The global pandemic caused by COVID-19 is reshaping our world in profound ways. It has exposed the fragility of our economic modus operandi, and the highly globalised supply chains that underpin it. But while a recession looks likely in many parts of the world, the other ramifications of this virus remain far from certain.
The environment is good case in point. Debate is currently ongoing about whether COVID-19 will lead to an increase in our commitment to mitigate climate breakdown or the reverse. On the one hand, the state’s provision of economic life-support gives governments a huge opportunity to influence the direction of travel post-lockdown. Loans, for instance, could be predicated on businesses agreeing to incorporate greater resilience and sustainability into their operations, future-proofing themselves against a variety of existential threats.
As well as this, COVID-19 has forced our societies to base their actions on the advice of scientists; epidemiologists govern our lives at present. While the timescales of their disease transmission models are not comparable to those used in climatology, this experience has nonetheless compelled our politicians and populations to listen to experts; to trust and respect their knowledge and conclusions. There is every chance that this increased legitimacy will spill over into discussions about the environment, granting climate scientists and ecologists a level of political authority they should have had for decades.
On the other hand, the desperate need to restart our economies and get their money-making engines roaring again may lead to a spike in emissions-heavy activity once lockdown is lifted. Countless cooped-up citizens will want to fly away from their isolation bunkers and reconnect with the world they temporarily lost access to. Whether it’s for a holiday, to visit relatives or get business deals back on track, air travel is likely to spike.
At the same time, airlines themselves are lobbying the International Civil Aviation Organisation (ICAO) to amend CORSIA, the Carbon Offsetting and Reduction Scheme for International Aviation. The industry claims its strained business models won’t be able to cope with the lower emissions baseline that will result from COVID-19’s effects on their operations. What is certain is that they won’t be the only sector calling for more regulatory leniency post-lockdown, as struggling businesses across the globe attempt to get back on their feet after a disastrous couple of months.
These competing influences make it difficult to predict whether COVID-19 will ultimately prove a boon or a burden for the environmental agenda. In a sense, though, worrying about such outcomes is a distraction because regardless of how businesses feel post-lockdown, the climate crisis isn’t going away. The amount of time and the amount of emissions we have left before the 1.5°C target becomes impossible remains unchanged. We must not lose sight of that fact.
Moreover, if there is one overarching lesson to be learnt from our response to COVID-19, it is that any delay in reacting to a threat can lead to exponential increases in both the scale of the problem and the danger it poses. Climate change will be no different.
There will be some positives we can glean from this public health crisis. One will be that we learn a lot from simply living through the experience of a pandemic. The corresponding economic slowdown, though clearly detrimental overall, potentially offers us another: the time for reflection.
With many businesses’ core operations hit hard, some now have the capacity - and headspace - to focus less on the immediate, day-to-day running of their companies and more on long-term, strategic goals like resilience, sustainability and purpose.
For the businesses that can, now is a good time to be self-evaluating and asking fundamental, even existential, questions:
‘Are our supply chains resilient?’
‘How can we adapt and remain competitive, going forward?’
‘Is our business model truly sustainable? If not, how can we make it so?’
‘What does our business understand sustainable to even mean?’

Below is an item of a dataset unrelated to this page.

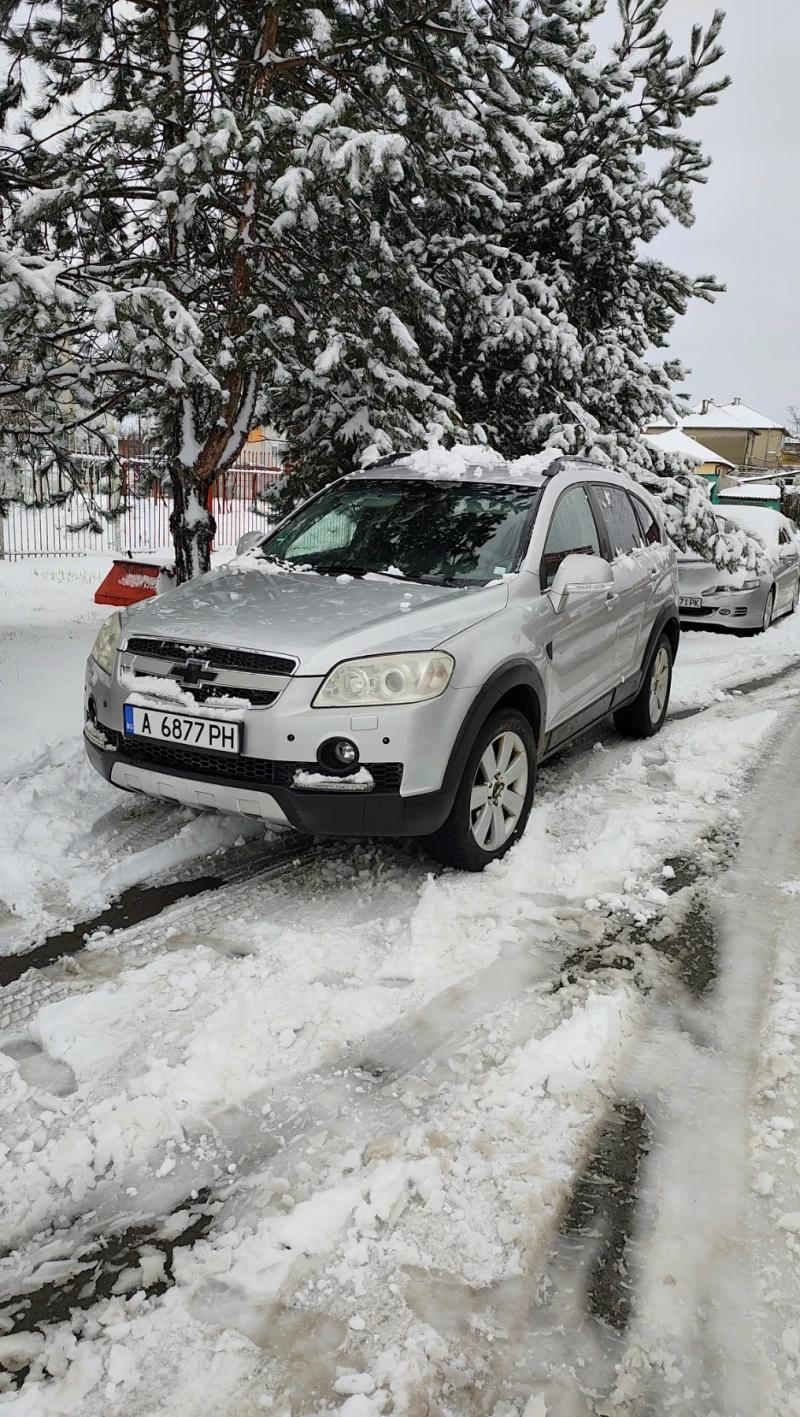 Chevrolet Captiva, снимка 2 - Автомобили и джипове - 53572704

THE THREAT OF CLIMATE CHANGE ISN’T GOING AWAY:
COVID-19 will continue to cast a long shadow over our lives for many months to come. Much of the damage it has done, and will do, is out of our control. But within our power to change is how we spend the time this economic eclipse has granted. By using it to square up to the other threats our businesses and societies face we can achieve something useful, and not only despite the current lockdown but because of it.
The bottom line is that no matter how long we are dogged by this coronavirus, we still have to face up climate change together. That threat isn’t going away, and neither are we.